Fan Out Experiment: How ChatGPT, Gemini, and Perplexity Recommend B2B Alternatives Across 270 Naturalistic Queries

Most of what gets said about AI search in B2B marketing is intuition that we’ve masked up as ‘analysis.’
The strategies typically follow the path of writing for ChatGPT, and optimizing for whatever new gimmick Google throws in the wild for us to hunt.
But almost no one has run the queries to capture what the AI does, and looked at the patterns.
So to do just that, I ran 270 queries across ChatGPT, Gemini, and Perplexity, asking each one for alternatives to three B2B SaaS products: Kustomer, Okta, and LinearB.
Thirty different phrasings of the same intent per product, across three LLMs. Polite, casual, frustrated, openly profane. Role-led, problem-led, comparison-led. I opted for this range to mimic what a real buyer covers during a real evaluation cycle.
How the experiment worked
I chose three products for what their categories represent.

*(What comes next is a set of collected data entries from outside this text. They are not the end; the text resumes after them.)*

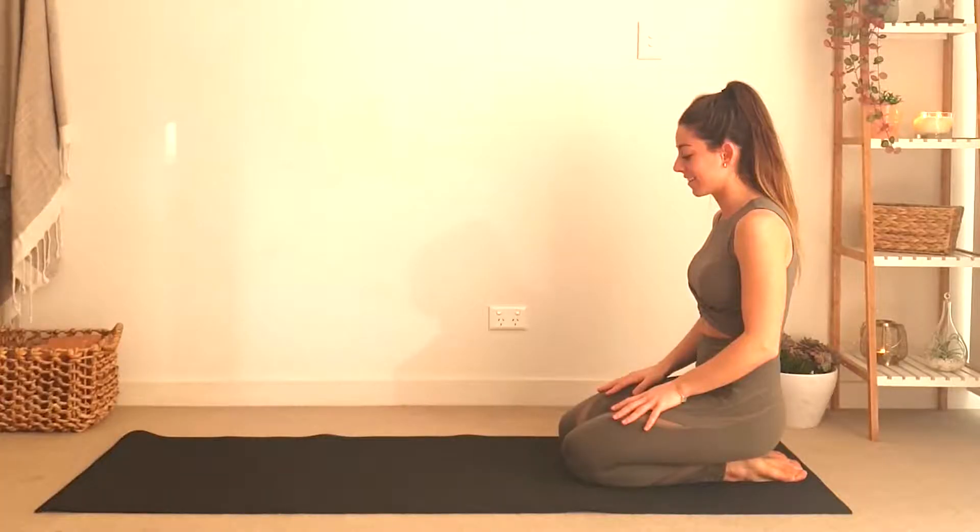Hi everyone, it's Alisa here and in this video we're going to practice some yoga moves targeting our core. Let's get started.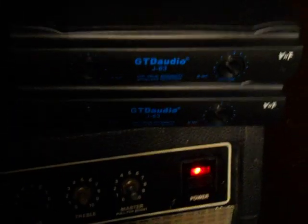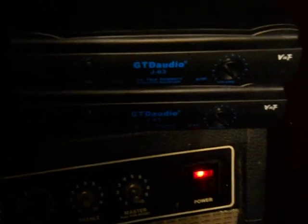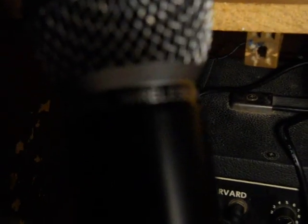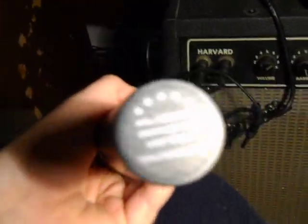Hello YouTube. Today I am going to review the GT Audio J63 VHF Wireless Microphone System. It's a review. I got it off eBay for $49 and I got two of these. GTD Audio — it says Professional Wireless Microphone Transmitter.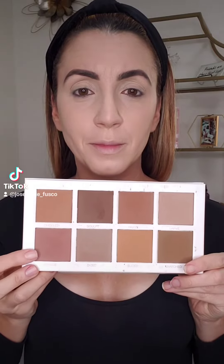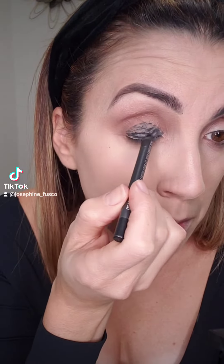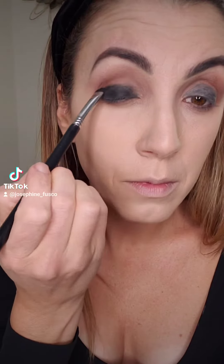Set everything down with a matte powder — this is MAC Studio Fix — then define your brows and make them thicker. I'm going to use the Scott Barnes contour palette, going with a color that has a little bit of a reddish undertone in the crease and under the eye. Then take a black eyeliner, smudge that out, and go over it with some matte black eyeshadow.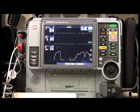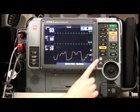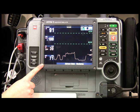Now I can go back to the home screen and we can see the waveform. It's going to look a little off because I'm talking. To take a blood pressure, go up to NIBP and it'll start to inflate the cuff.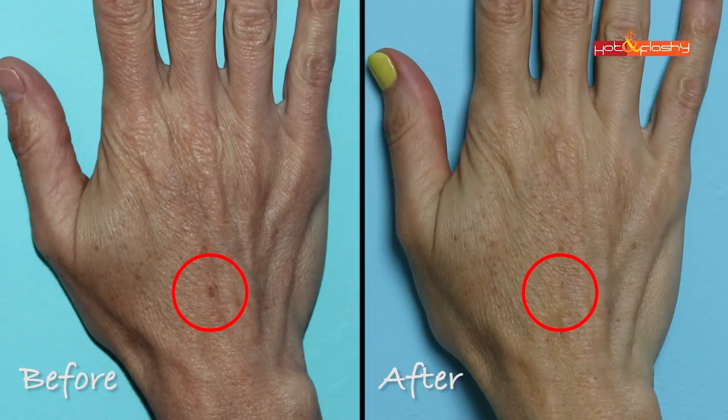Liquid nitrogen will freeze the skin, which then turns black, sloughs off, and reveals new skin underneath. I actually had an age spot removed this way — you can see it in this picture. It can work on smaller, more surface-level spots. It did leave a slight pink mark, and if they go too deep it can leave a scar or white spot, so be careful. Don't insist if your derm is hesitant, but if they're willing, have them go lightly once. The pink spot took about a year to heal, but now both the pink and brown spots are gone.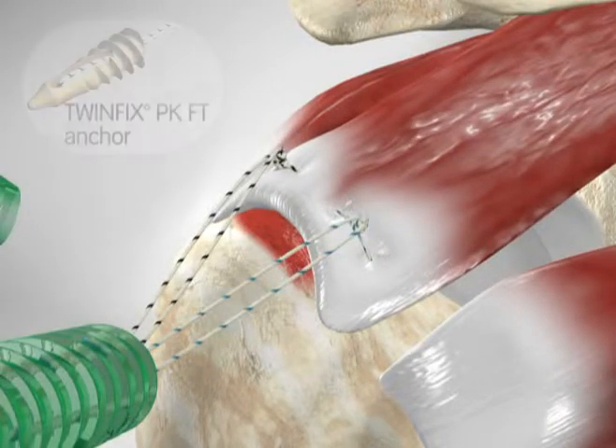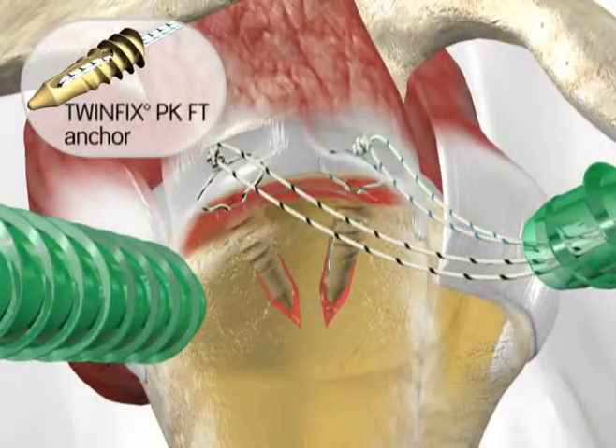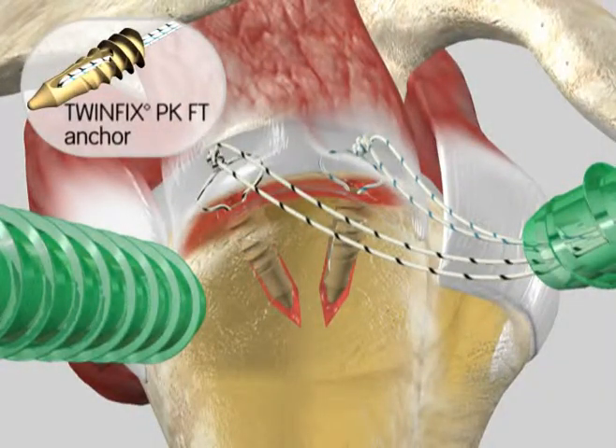First, implant the medial row anchors. We have shown two TwinFix PK fully threaded anchors in this example. For simplicity, we have unloaded one suture from each anchor, so only one suture remains in each.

- Kustomer sits in a mature customer support market with a settled competitive set.
- Okta operates in identity and access management, where one structural incumbent (Microsoft Entra ID) dominates.
- LinearB is in engineering analytics, a contested category with no clear winner yet.

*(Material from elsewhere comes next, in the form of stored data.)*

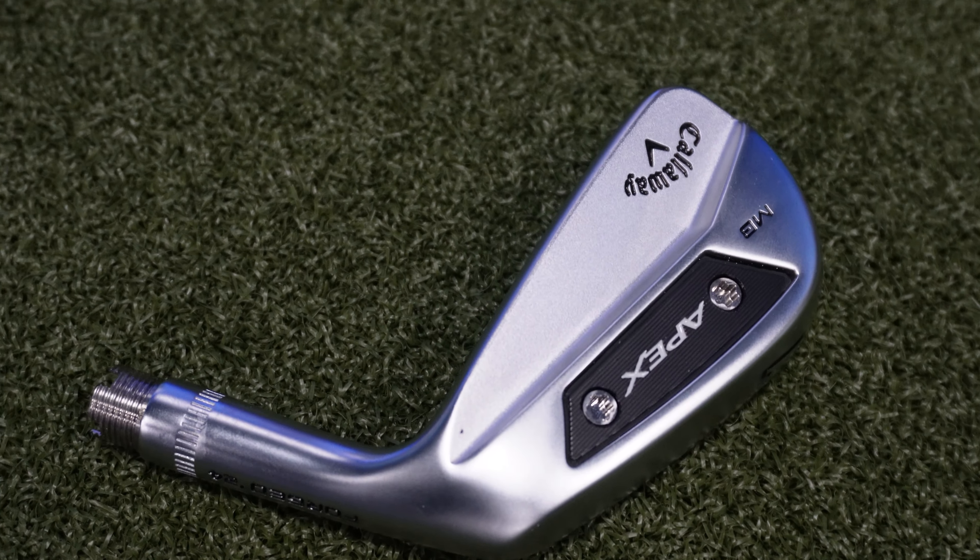Welcome back to Cool Clubs Reviews. Today we're going to take a look at Callaway's new Pro Series line. This is the MB, the Blade. This is obviously the least forgiving one, the actual Blade.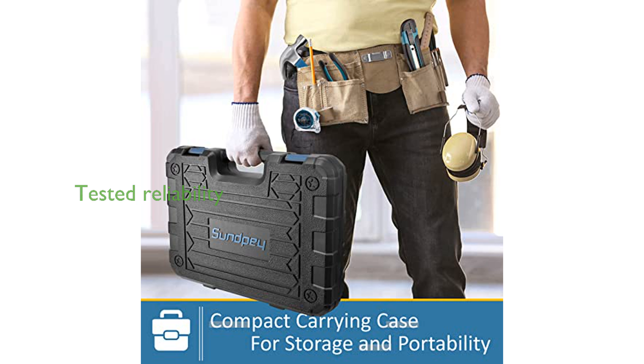Each toolkit undergoes rigorous testing for safety, durability, and functionality, offering a reliable choice for families or as a thoughtful gift.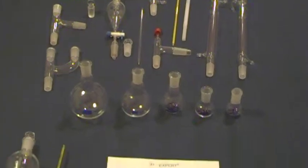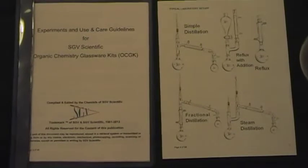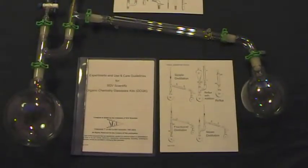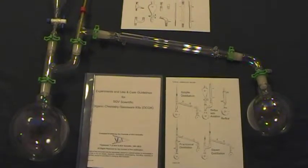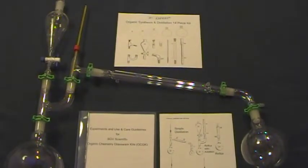This kit also comes with a booklet of experiments and use and care guidelines for your organic chemistry glassware kit. It has numerous experimental procedures, practical safe handling techniques, and details for proper installation, assembly, and use of your glassware kit. As we are all chemists at SGV, we have compiled and edited this booklet with great care and accuracy to assure that all of your organic chemistry needs are met.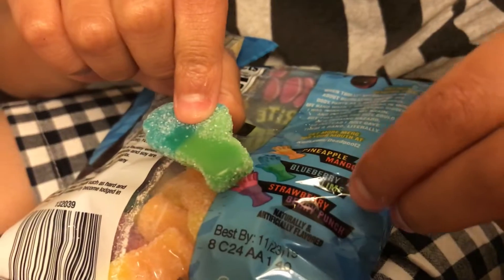Now it's time for blueberry-lime. I can taste the blueberry but I can't taste the lime. I can't really taste the lime but I can taste a lot of blueberry. So that was the blueberry-lime flavor.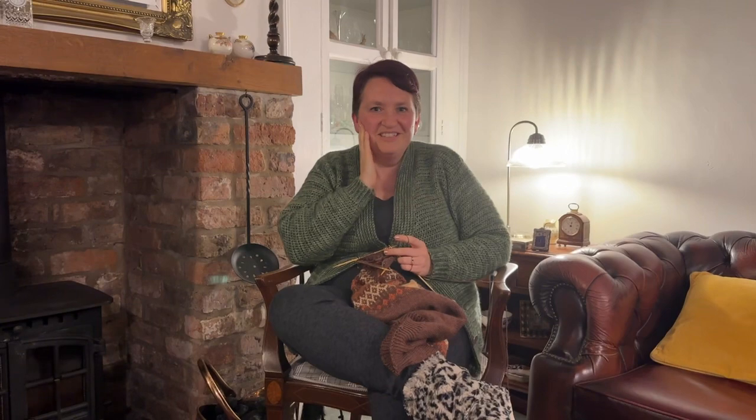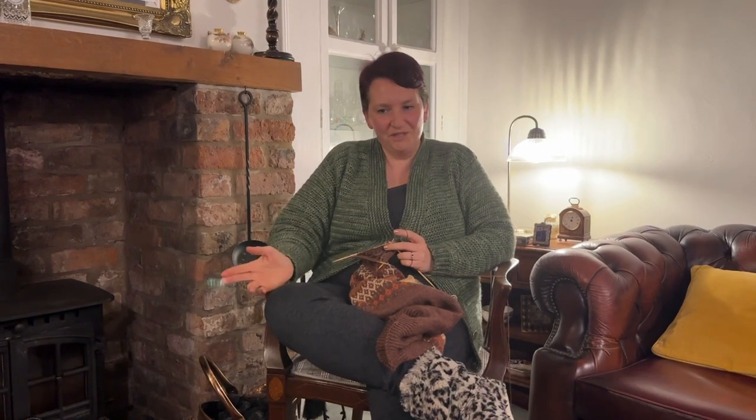So here goes, I would choose the Driftwood, Bark and Cedar combination which is the first one that I showed you.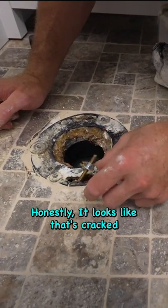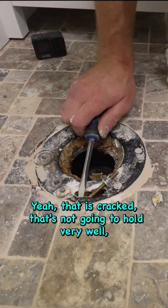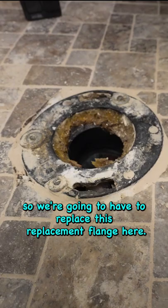Honestly, that looks like it's cracked. Yeah, that is cracked. That's not going to hold very well. So we're going to have to replace this replacement flange here.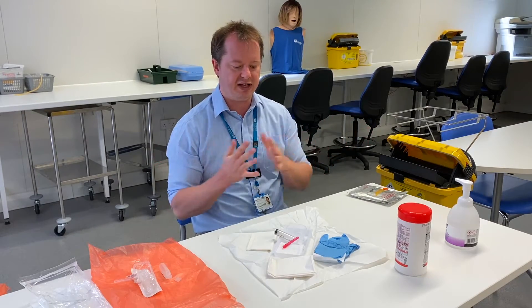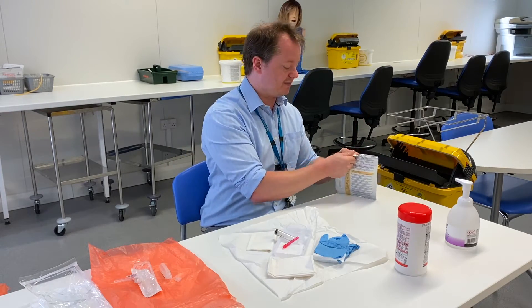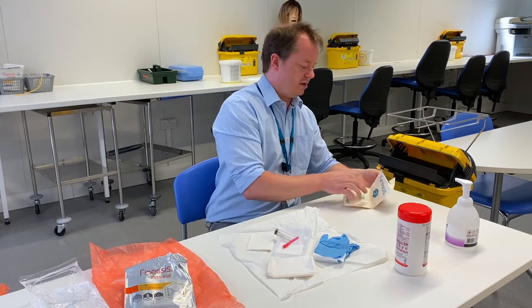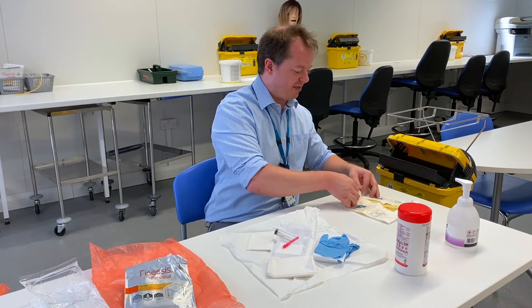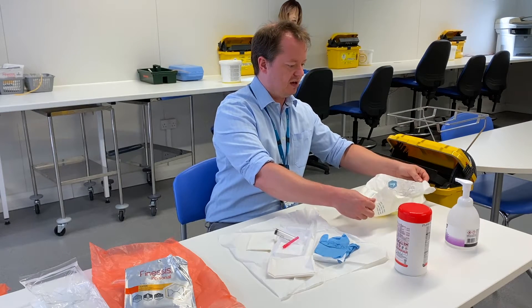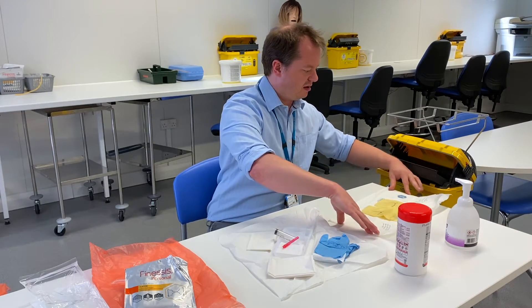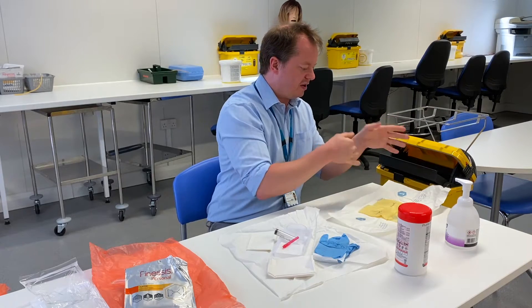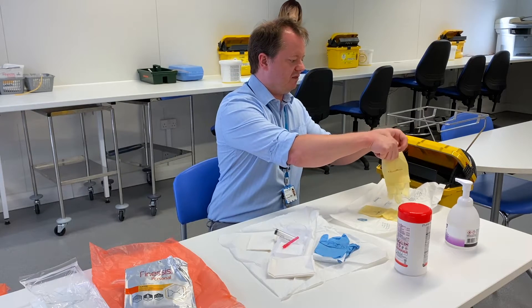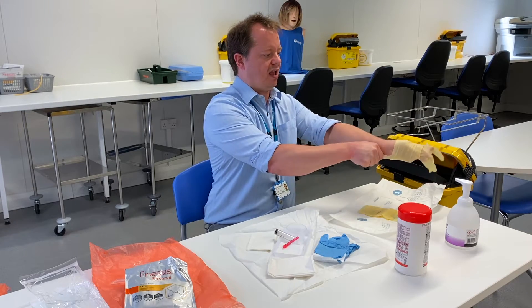When everything's ready and I've got all the stuff I need, I now need to start touching the sterile products, so I need to put on a pair of sterile gloves. I'm going to try and be as careful as I can when opening up the package, touching only really the very outside of the package, nothing beyond the creases, so I don't contaminate anything.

The thirty phrasings per product were drawn from a ten-category taxonomy designed to test four dimensions of variation: formality, emotional valence, specificity, and directness.
- Direct-polite (“What are the best alternatives to Okta?”).

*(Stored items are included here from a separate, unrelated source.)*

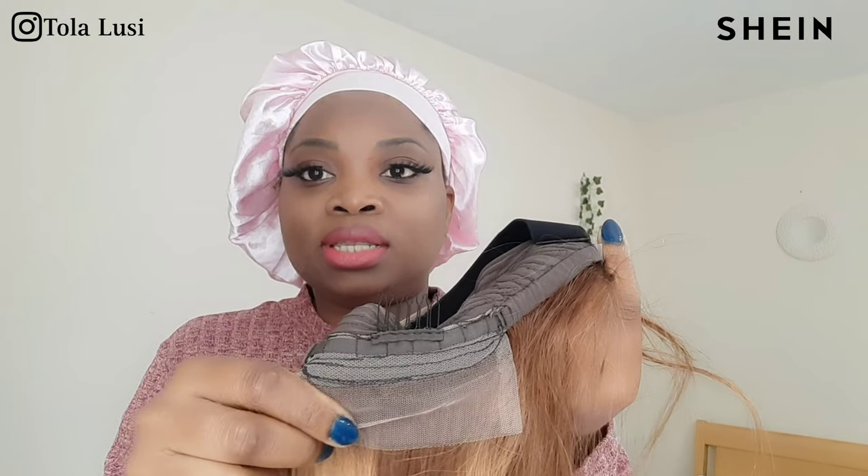It's a 13 by 4 inch lace wig and it comes with 4 clips and a band. This is the adjustable strap slash band and these are the 4 pins, so you get one on the back. You also get some lace there at the back, a comb on the side here, another one on the side, and then one at the top of your head. This is what it looks like in reverse.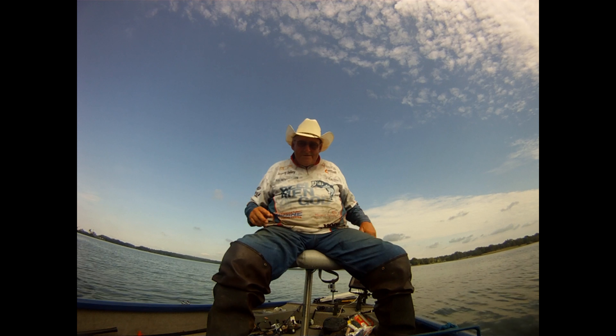There you go, that's on the 8 inch black animal lizard by Zoom. A little on the small side, but that makes 5.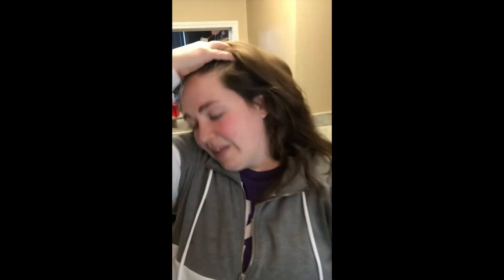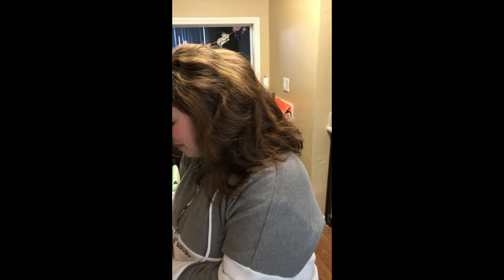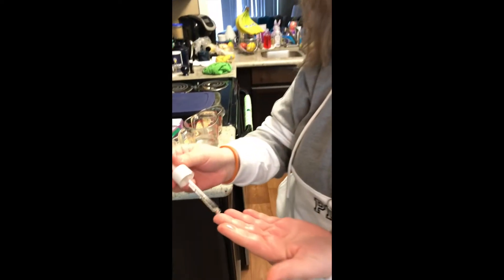This actually feels pretty good — really work it in there. Then I kind of work it through my crown like that. Then I'm going to go back and get three more drops the same way I did that the last time.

- Direct-casual (“Other tools like Okta?”).
- Frustrated-mild (“Okta isn’t working for us, what else is there?”).
- Role-led (“Best alternative to Okta for a small IT team”).
- Comparison-framed (“Tools like Okta but cheaper”).
- Reddit-style (“Anyone else hate Okta lol”).
Finding 1: The brand pool converges

When buyers ask an AI search engine for alternatives to a B2B product, the recommendations come from a tight, repeating pool of brands.
Different phrasings produce different ranking orders, but they pull from the same set. As such, the phrasing matters less than the question itself.
The data is visible with Kustomer
In a comparison with Kustomer, across 90 responses, four brands appeared in the top five of almost every response: Zendesk 59 times, Gorgias 58, Freshdesk 57, Intercom 50.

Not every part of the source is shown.